**EXERCISE OBJECTIVE**
Set down each record below exactly as it stands. Pictures are not part of the copy.

**THE DATA**
━━━━━━━━━━━━━━━━━━━━
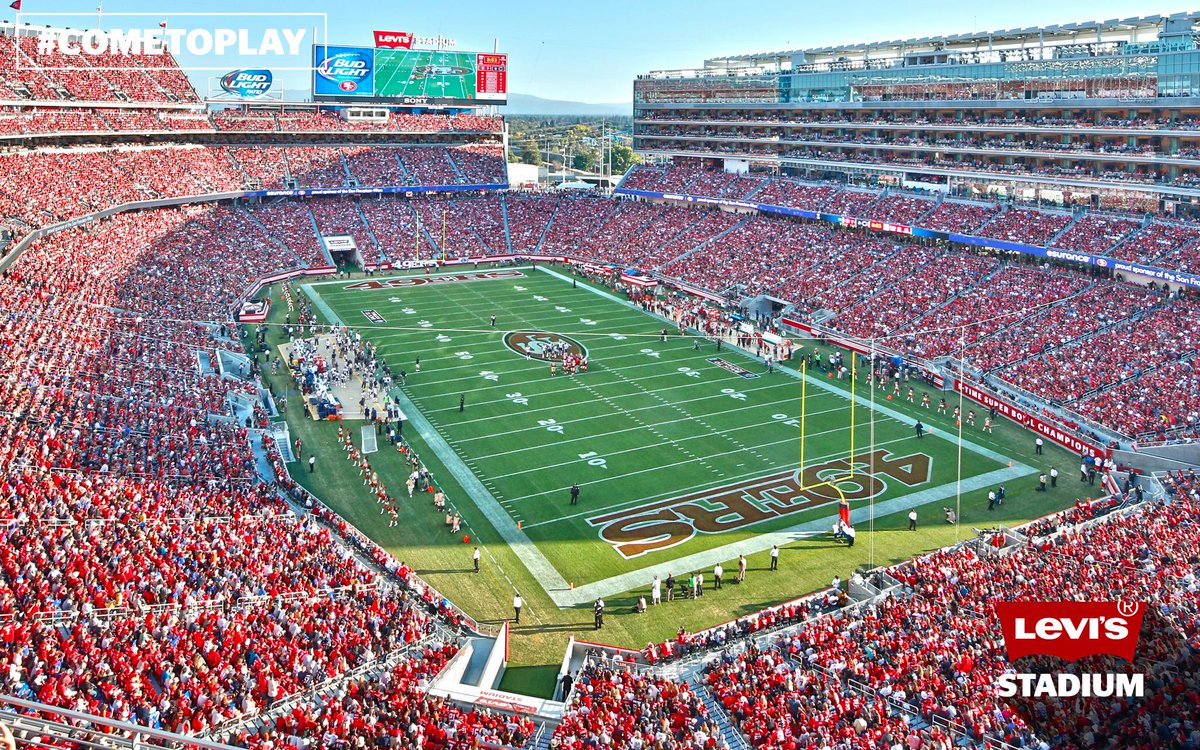 LevisStadium's tweet photo. Home of the Faithful #4BestWordsEver #49ers http://t.co/EKItRsaZnx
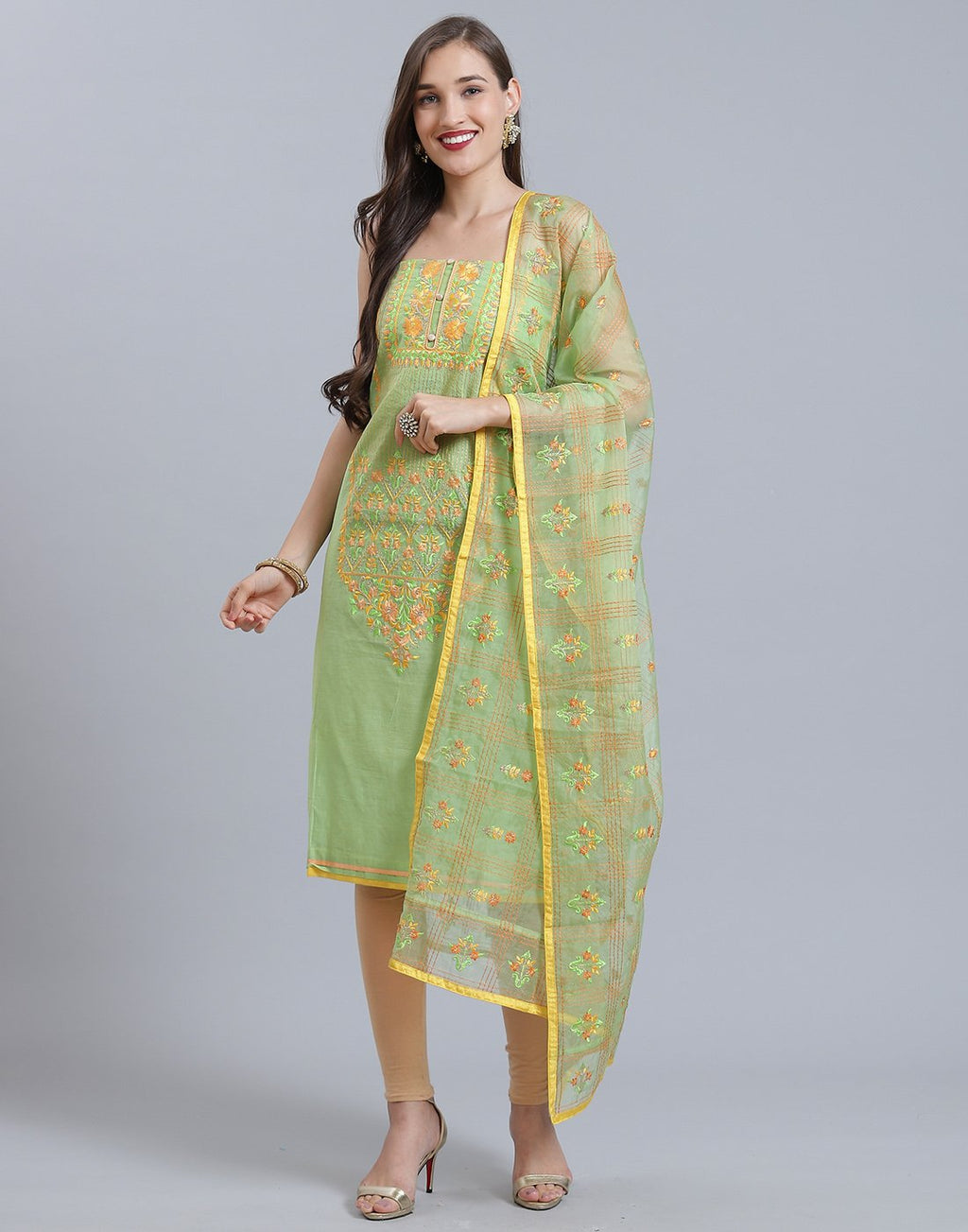 Chanderi Suit Set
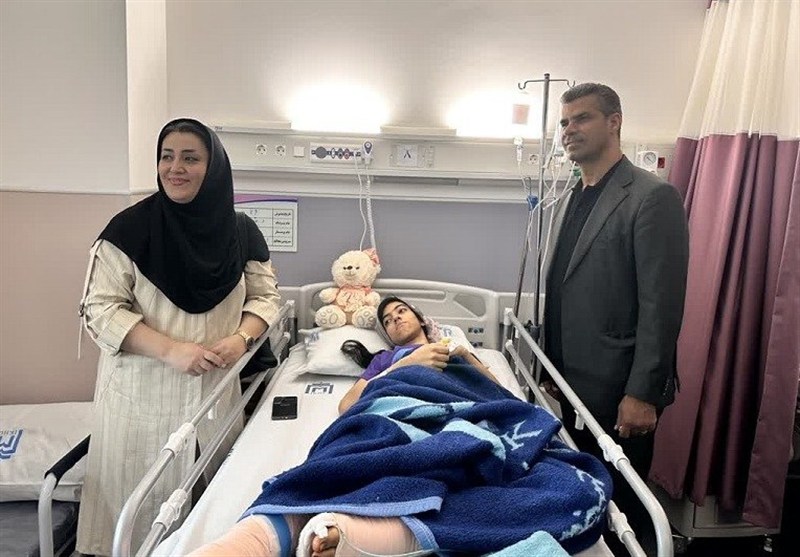 عیادت ساعی از تکواندوکاری که در حملات رژیم صهیونی مجروح شد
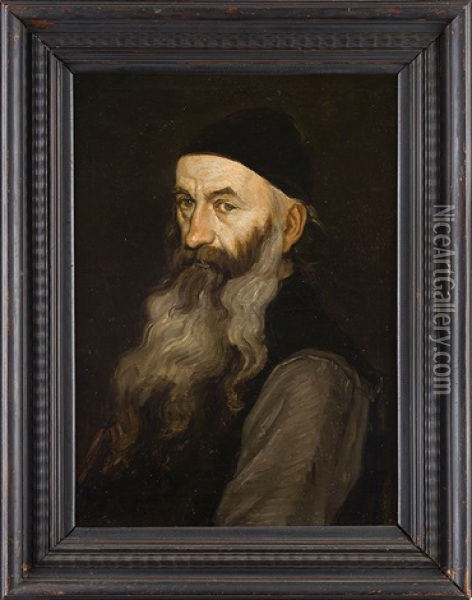 Bearded Jew Oil Painting - Hans Canon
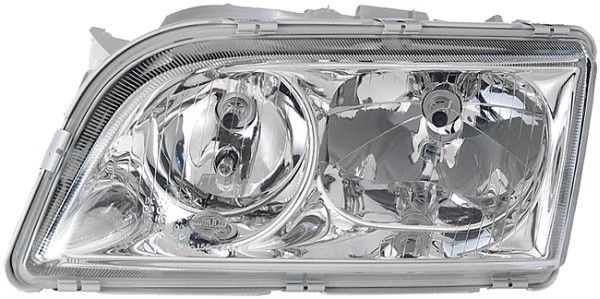 HELLA 1LG 007 861-451 Headlight Left, H7/H7, T4W, Halogen, Asymmetric, 12V, with high beam, with position light, with low beam, for left-hand traffic, with bulbs, with motor for headlamp levelling, ECE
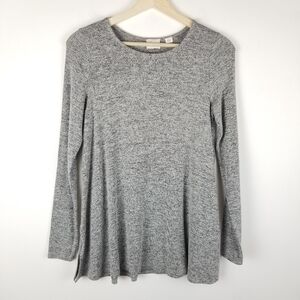 Postmark XS‎ Heather Black Tunic Sweater Long Sleeve Anthropologie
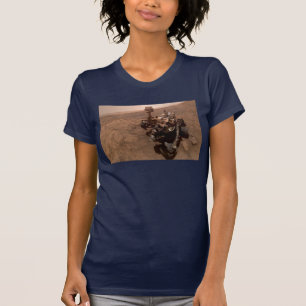 T-shirt Selfie de Mars Curiosity Paysage martien rouge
━━━━━━━━━━━━━━━━━━━━
**ANSWER SECTION**
 LevisStadium's tweet photo. Home of the Faithful #4BestWordsEver #49ers http://t.co/EKItRsaZnx
 Chanderi Suit Set
 عیادت ساعی از تکواندوکاری که در حملات رژیم صهیونی مجروح شد
 Bearded Jew Oil Painting - Hans Canon
 HELLA 1LG 007 861-451 Headlight Left, H7/H7, T4W, Halogen, Asymmetric, 12V, with high beam, with position light, with low beam, for left-hand traffic, with bulbs, with motor for headlamp levelling, ECE
 Postmark XS‎ Heather Black Tunic Sweater Long Sleeve Anthropologie
 T-shirt Selfie de Mars Curiosity Paysage martien rouge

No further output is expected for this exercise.